Minimal `set cover` solution in Clojure

240 views Asked by At

I've been trying ways to distill (a lot of) database index suggestions into a set of indexes that are applicable to most databases. To do that it turns out I need to solve a pretty basic but NP complete set theory problem: the minimum set cover problem.

This means that given a set of sets, select a subset of sets s that covers a certain domain u, but if u isn't given make it the union of s. The most optimal subset of sets is the one reaching a certain minimum, usually the minimal amount of sets, but it could also be a minimum in total weight if the sets are weighted.

(def s #{#{1 4 7} #{1 2} #{2 5 6} #{2 5} #{3} #{8 6}})
(def u (apply set/union s))
(set-cover s u)
=> (#{7 1 4} #{6 2 5} #{3} #{6 8})

I implemented a naive version of this by using clojure.math.combinatorics, relying on it returning subsets in order of increasing amounts of sets.

(defn set-cover
  ([s]
   (set-cover s (apply set/union s)))
  ([s u]
   (->> s
        (combo/subsets)
        (filter (fn [s] (= u (apply set/union s))))
        first)))

However this is very slow on larger s, because of the NP nature and the recurring unions (even optimized ones). For my use-case a version supporting weighted sets would also be preferable.

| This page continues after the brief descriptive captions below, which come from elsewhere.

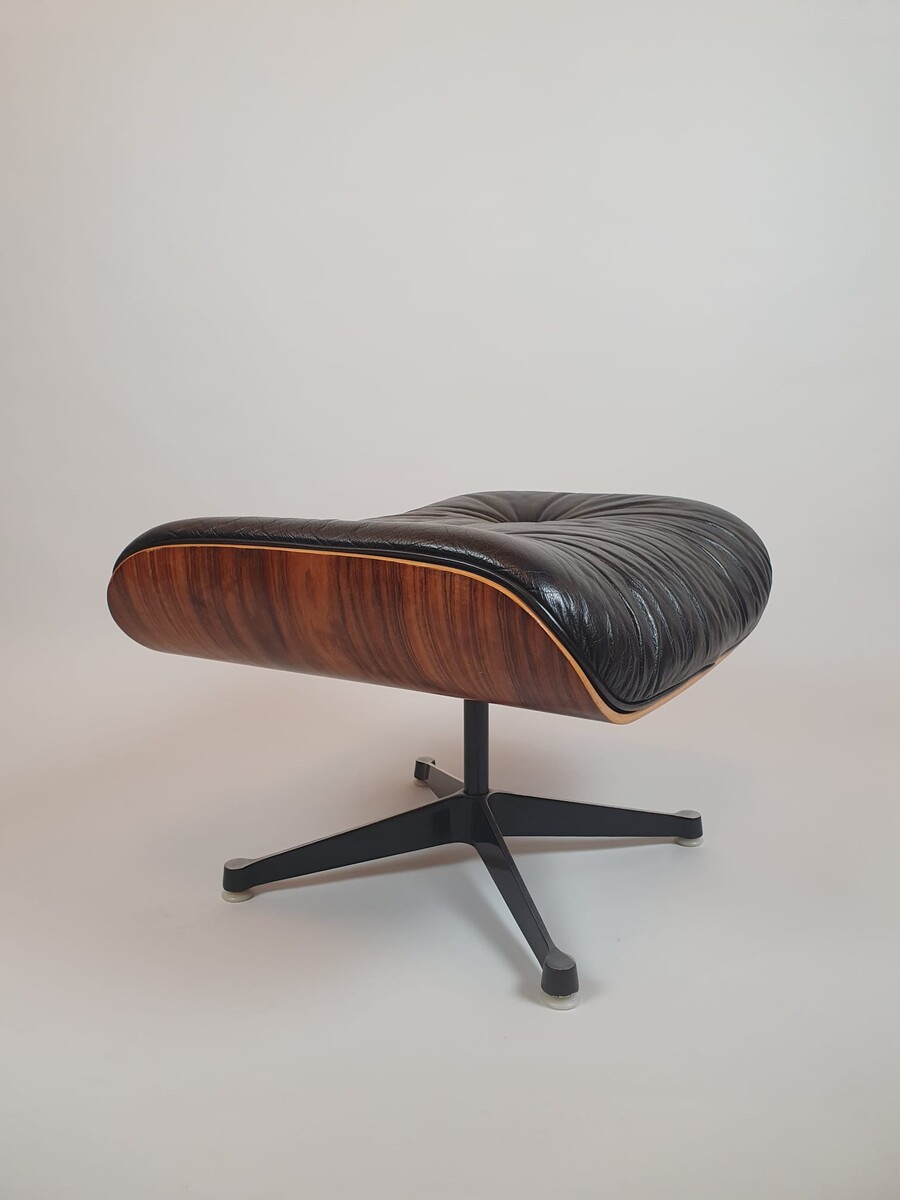 Lounge chair and ottoman - Charles and Ray Eames for ICF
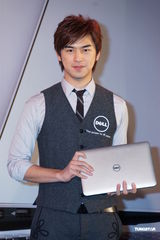 组图：陈柏霖视频聊天维系感情 工作中过白色情人节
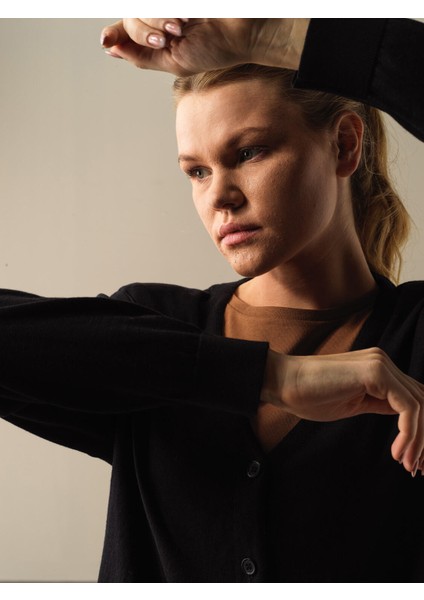 Kadın Siyah Slim Fit Basic Hırka fırsatları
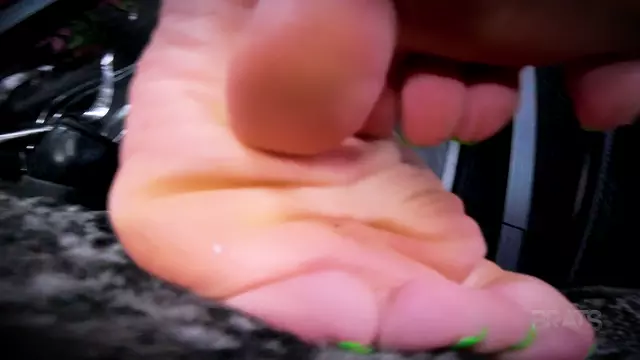 Poster: Bratty Foot Girls - - Sasha Foxxx, Jason Ninja - The Lab Experiment SFX 4K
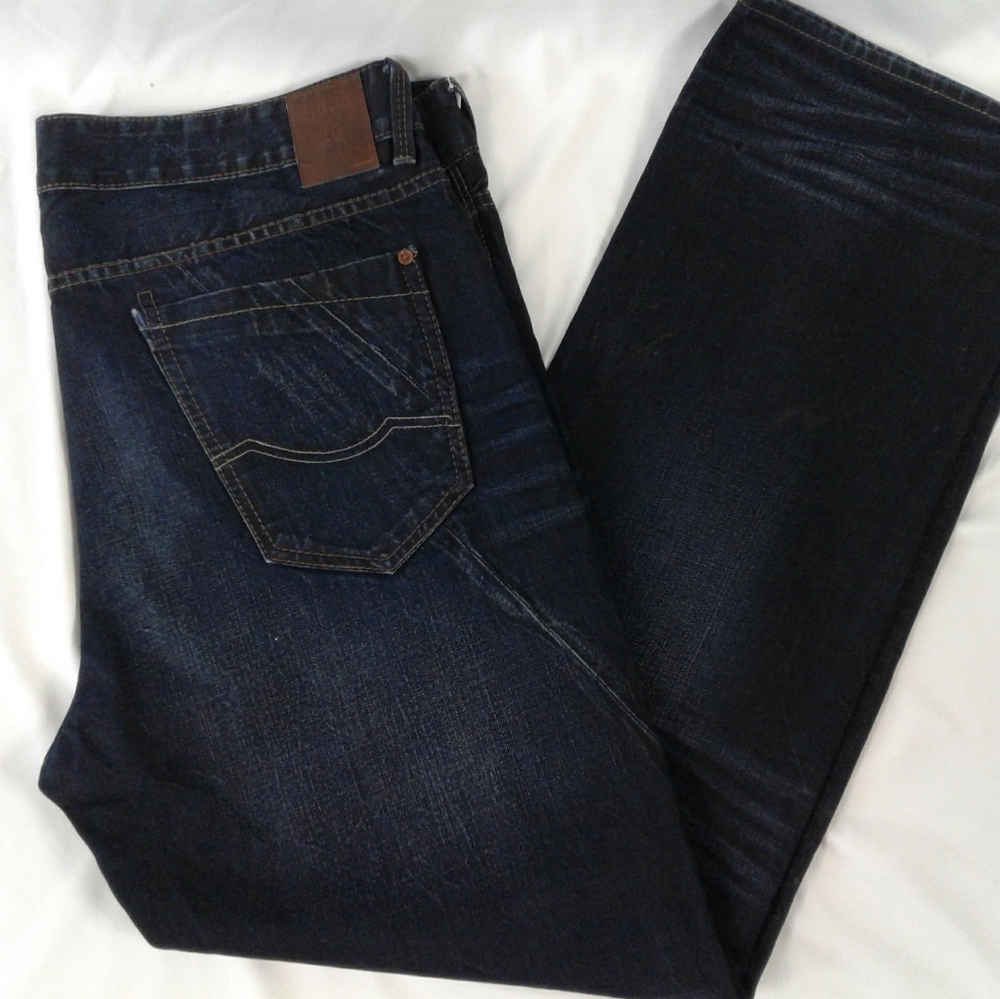 Men stonewashed blue jeans by Union 40W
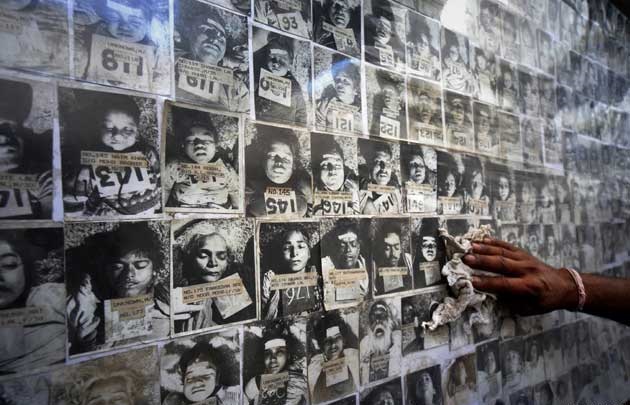 bhopalgastraegedy_victimss_1.jpg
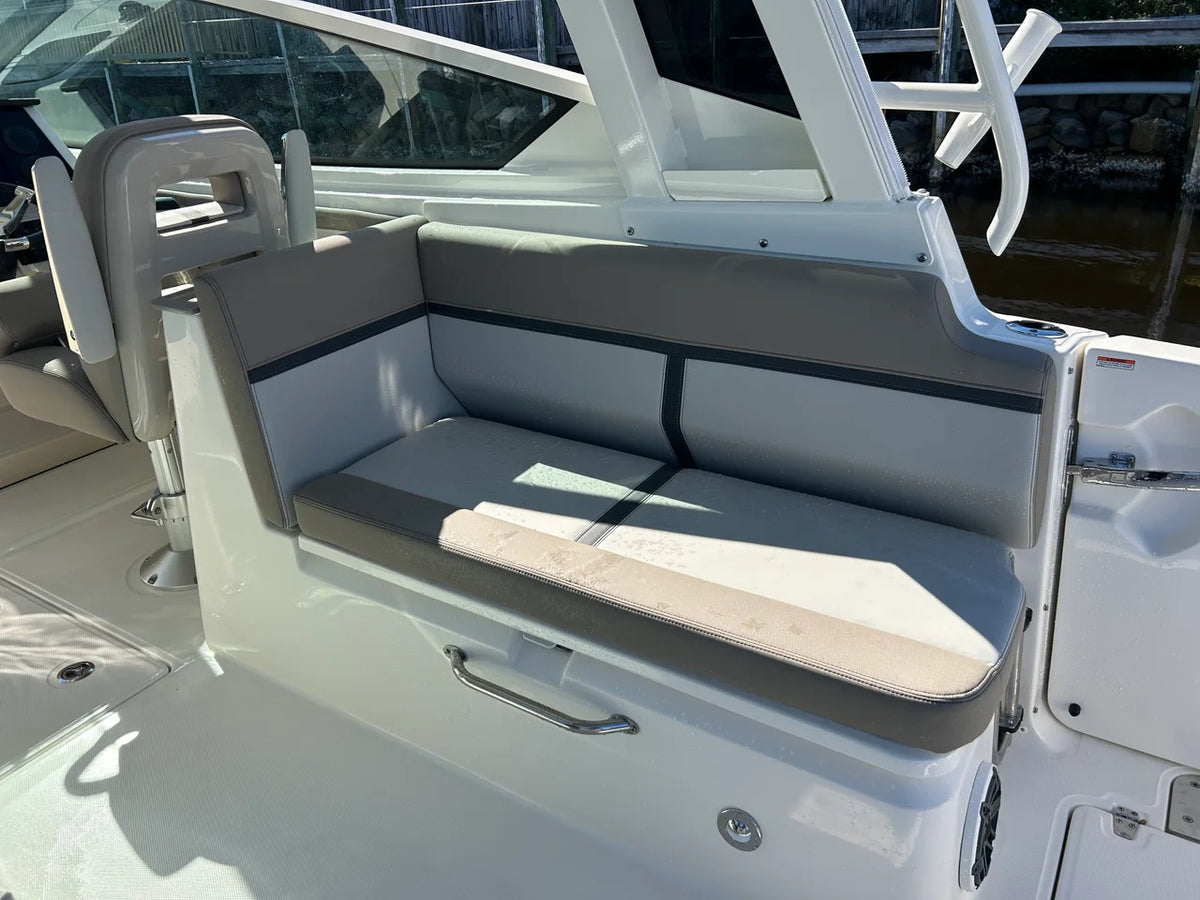 2027 Boston Whaler 330 Vantage 33.0 feet, Pensacola, Florida #13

Looking into optimized versions most trails ended up in thesis-land, which I'm regrettably not smart enough for. I found this small python implementation on SO

def setCover(setList,target=None):
    if not setList: return None
    if target  is None: target  = set.union(*setList)
    bestCover = []
    for i,values in enumerate(setList):
        remaining = target - values
        if remaining == target: continue
        if not remaining: return [values]
        subCover = setCover(setList[i+1:],remaining)
        if not subCover: continue
        if not bestCover or len(subCover)<len(bestCover)-1:
            bestCover = [values] + subCover
    return bestCover

It ticks many boxes:

  • work recursively
  • compares partial results as optimization
  • seems suitable for different minimum definitions: count or weight
  • has additional optimizations I can grok
    • which can be done outside of the basic algorithm
      • sorting input sets on high minimum score (size, weight)
      • identifying unique singleton sets in u not found in other sets

I have been trying to translate this into Clojure as a loop-recur function, but couldn't get the basic version of it to work, since there are niggling paradigm gaps between the two languages.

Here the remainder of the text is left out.